# attitude freebie(bubba 76)



## Dr.Drow (Nov 26, 2012)

Hey guys just a heads up if you got the Emerald triangle bubba76(Fem) as a freebie from the tude a few months back watch them close I popped the bubba76(fem) freebie and low and behold.. its far from female


----------



## Dr.Drow (Nov 26, 2012)

Seems to be pretty hearty male tho. This prebubba/76afgani shows alot of vigor, this plant stays pretty short and just loves to eat. So ive decided to cross this to beef up the yield on my ReservaPrivada og. We'll see what happens.


----------



## Locked (Nov 26, 2012)

Thanks for the heads up...


----------



## ziggyross (Nov 28, 2012)

I have tried the Emerald triangle Crystal Paradise. I only had 1 out of 5 seeds pop and it was a male.
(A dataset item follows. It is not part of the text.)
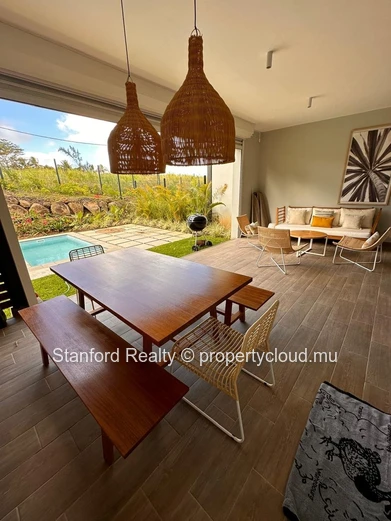3-Bedroom Duplex with Private Pool in Beau Plan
I crossed it with my unknown bag seed and called it  Crystal dream.


----------



## 7greeneyes (Nov 28, 2012)

I got one of these, will be popping them along with the other feebies in about 70+ daze and counting down :yay: n' a :clap:

thanks for the 411 on these "femmed" beans....lol...mayhaps keep some pollens and make some sexiness...

eace:


----------



## The Hemp Goddess (Nov 28, 2012)

The Bubba 76 freebie that I got hermied.  I caught it soon enough so that it didn't cause any problems, but I was looking forward to some Bubba and was disappointed.


----------



## 7greeneyes (Nov 28, 2012)

THAT SUX Goddess, looks like I may hold off on THAT new flavor...


----------



## Dr.Drow (Nov 28, 2012)

Ouch.. hermies bum me out. I always run my newest additions to the family in their own special tent just incase. I did check on mr bubba today and hes still all male, at little over 3 weeks into flower hes already chuckin some dust.


----------